BEGIN DATASET EXCERPTS
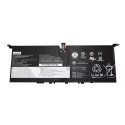 Lenovo Battery 15.36V 42Wh 4 Cell Reference: 5B10R32748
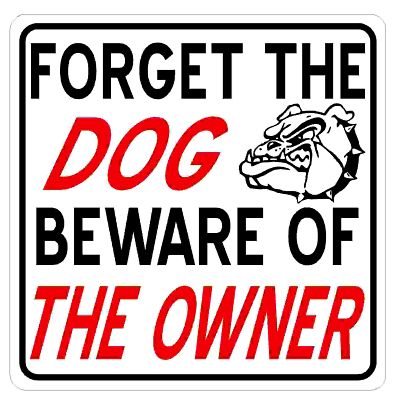 beware-of-owner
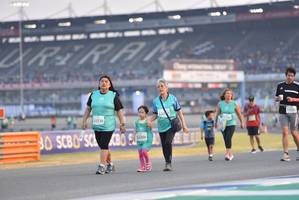 BIB: 530, 3338, 32206
                            <button type="button" onclick="openModal(10479664)" class="btn btn-primary btn-sm float-right btn-popup" data-toggle="modal" data-target=".modal-high-quality">
                        <i class="fas fa-shopping-cart"></i> Add to Cart
                    </button>
                                            <button type="button" onclick="isThisMe(10479664, true)" class="btn btn-success btn-sm float-right btn-popup btn-isme hidden" data-toggle="tooltip" data-placement="bottom" title="นี่คือรูปของคุณใช่ไหม คลิกที่นี่เพื่อเอาเข้าอัลบั้ม">
                        <i class="fas fa-plus"></i> Add to album
                    </button>
                    <button type="button" onclick="isThisMe(10479664, false)" class="btn btn-warning btn-sm float-right btn-popup btn-isnotme hidden">
                        <i class="fas fa-ban"></i> Remove from album
                    </button>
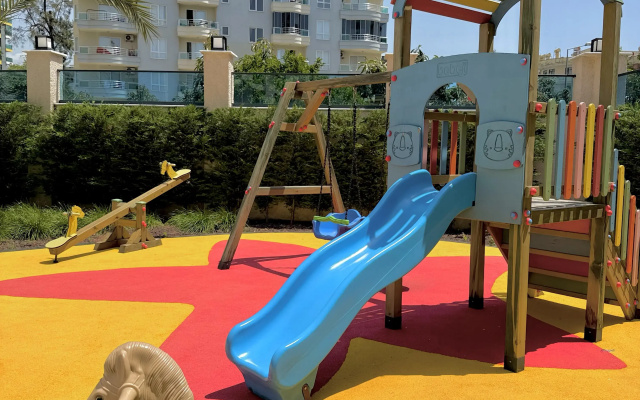 Апартаменты SA Apartments! Comfortable 1bd Flat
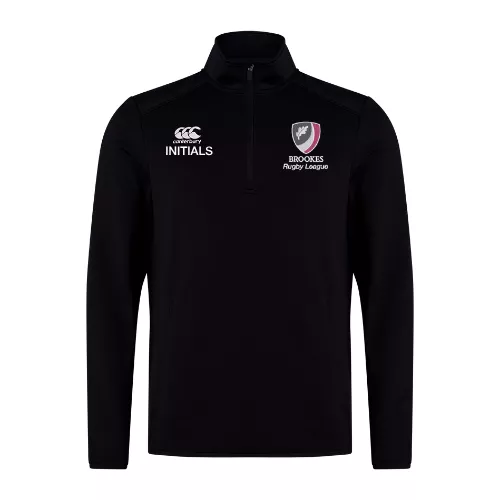 Oxford Brookes University Rugby League Senior Club Midlayer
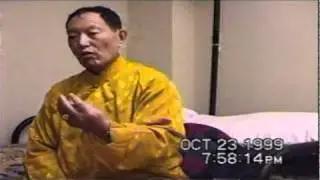 Lithang Athar--part 11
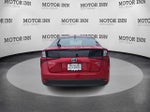 2019 Toyota Prius L Eco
END DATASET EXCERPTS
* WHAT YOU NEED TO DO: Provide every line from the material that contains the word "popup".

* EXERCISE RESPONSE:
                            <button type="button" onclick="openModal(10479664)" class="btn btn-primary btn-sm float-right btn-popup" data-toggle="modal" data-target=".modal-high-quality">
                                            <button type="button" onclick="isThisMe(10479664, true)" class="btn btn-success btn-sm float-right btn-popup btn-isme hidden" data-toggle="tooltip" data-placement="bottom" title="นี่คือรูปของคุณใช่ไหม คลิกที่นี่เพื่อเอาเข้าอัลบั้ม">
                    <button type="button" onclick="isThisMe(10479664, false)" class="btn btn-warning btn-sm float-right btn-popup btn-isnotme hidden">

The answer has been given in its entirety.